■ **YOUR INSTRUCTIONS**:
Begin at the line that holds "Pastwiska (Odrzechowa) –" and retype every line through the end of the material, both included. Leave out the pictures.

■ **PROVIDED INFORMATION**:
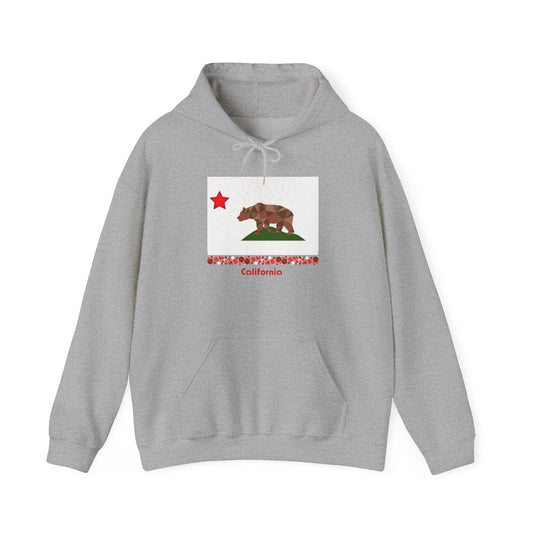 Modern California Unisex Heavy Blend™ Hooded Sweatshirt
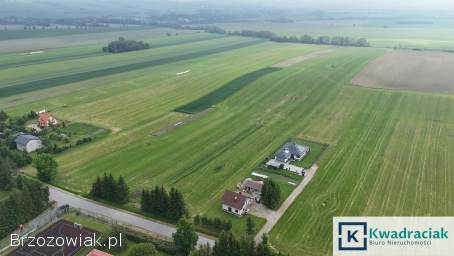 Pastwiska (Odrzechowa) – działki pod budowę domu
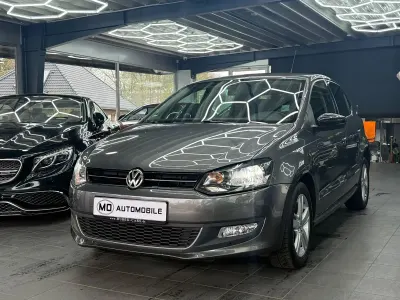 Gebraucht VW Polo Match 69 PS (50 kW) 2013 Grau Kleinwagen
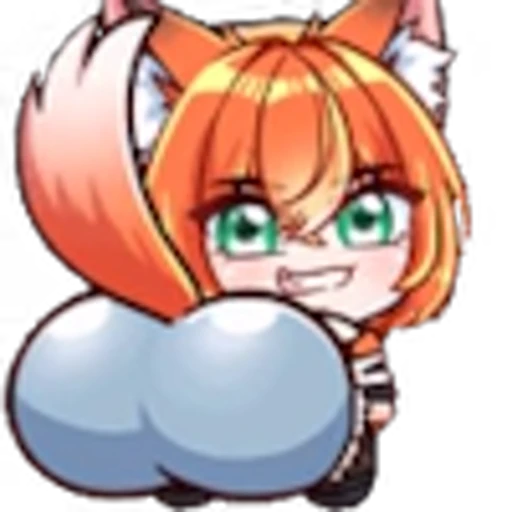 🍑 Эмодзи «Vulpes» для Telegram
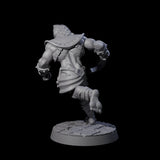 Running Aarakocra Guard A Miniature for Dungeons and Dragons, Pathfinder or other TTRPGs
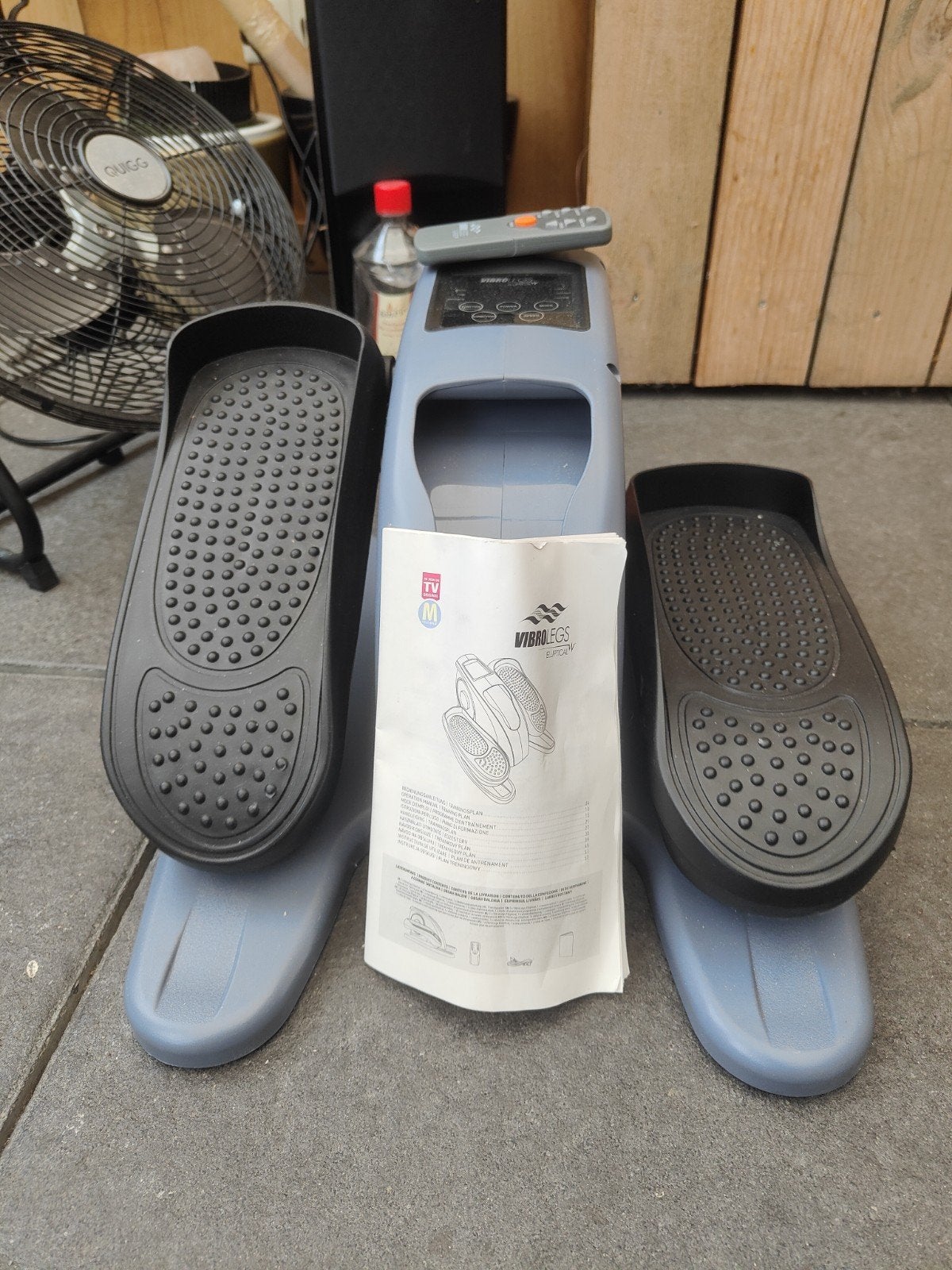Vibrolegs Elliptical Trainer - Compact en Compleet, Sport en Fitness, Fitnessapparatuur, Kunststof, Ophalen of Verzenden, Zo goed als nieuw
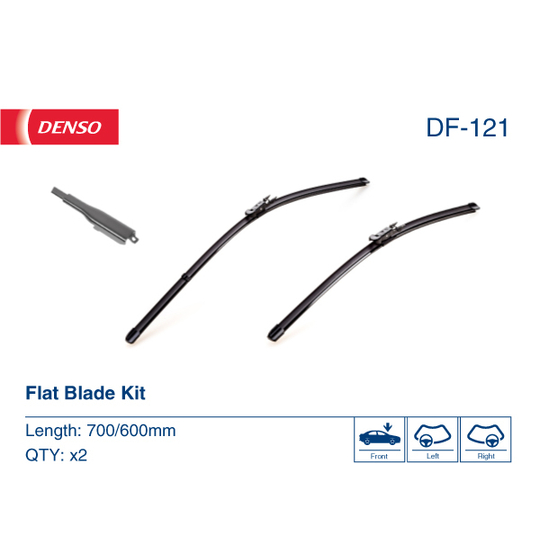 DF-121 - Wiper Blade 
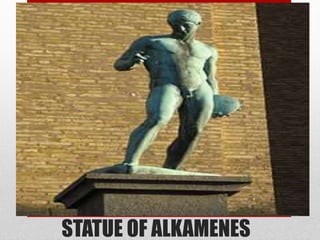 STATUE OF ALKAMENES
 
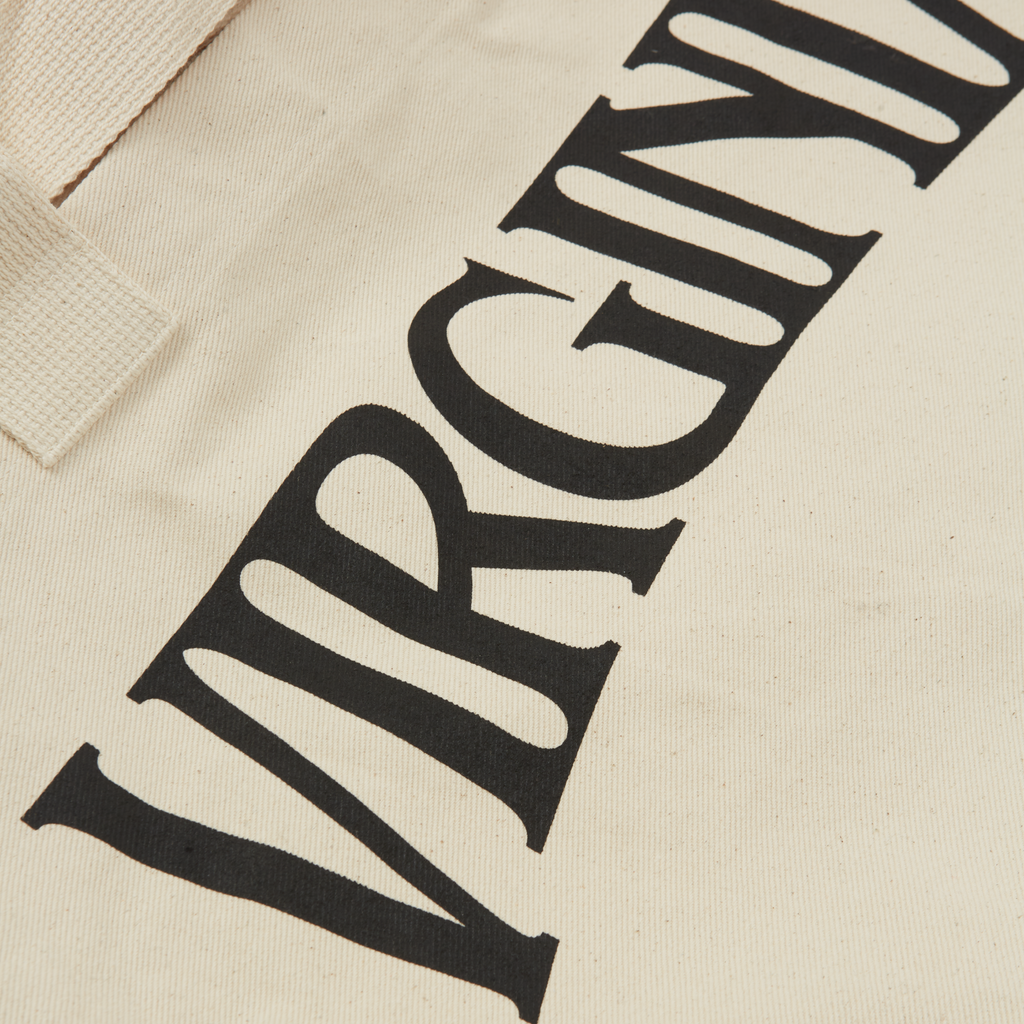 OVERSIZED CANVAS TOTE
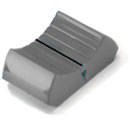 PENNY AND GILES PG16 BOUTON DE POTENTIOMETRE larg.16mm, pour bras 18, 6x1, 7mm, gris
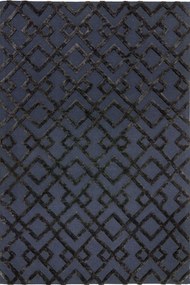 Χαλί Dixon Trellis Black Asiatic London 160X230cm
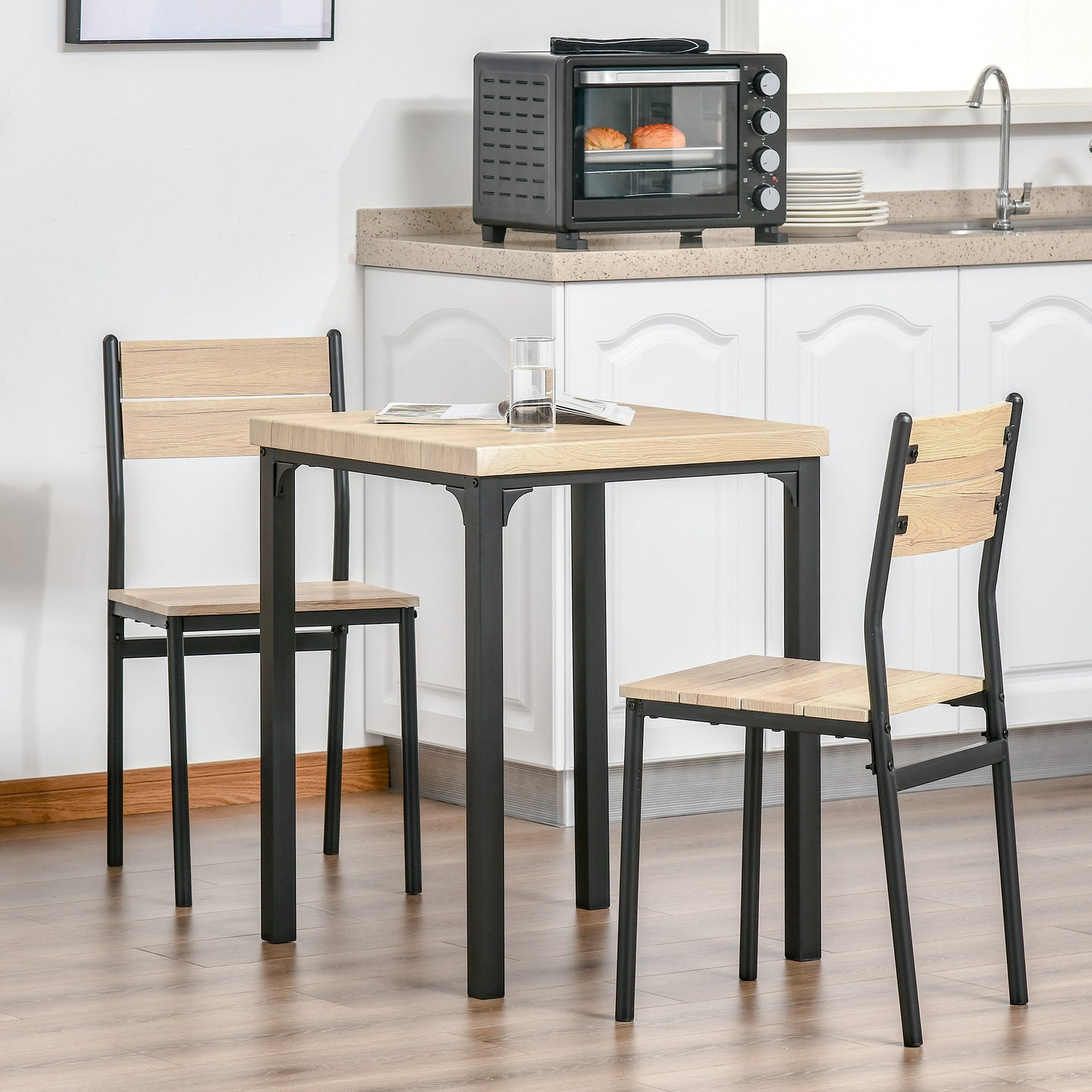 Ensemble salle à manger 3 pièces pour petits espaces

■ **SOLVED EXERCISE**:
 Pastwiska (Odrzechowa) – działki pod budowę domu
 Gebraucht VW Polo Match 69 PS (50 kW) 2013 Grau Kleinwagen
 🍑 Эмодзи «Vulpes» для Telegram
 Running Aarakocra Guard A Miniature for Dungeons and Dragons, Pathfinder or other TTRPGs
Vibrolegs Elliptical Trainer - Compact en Compleet, Sport en Fitness, Fitnessapparatuur, Kunststof, Ophalen of Verzenden, Zo goed als nieuw
 DF-121 - Wiper Blade 
 STATUE OF ALKAMENES
 
 OVERSIZED CANVAS TOTE
 PENNY AND GILES PG16 BOUTON DE POTENTIOMETRE larg.16mm, pour bras 18, 6x1, 7mm, gris
 Χαλί Dixon Trellis Black Asiatic London 160X230cm
 Ensemble salle à manger 3 pièces pour petits espaces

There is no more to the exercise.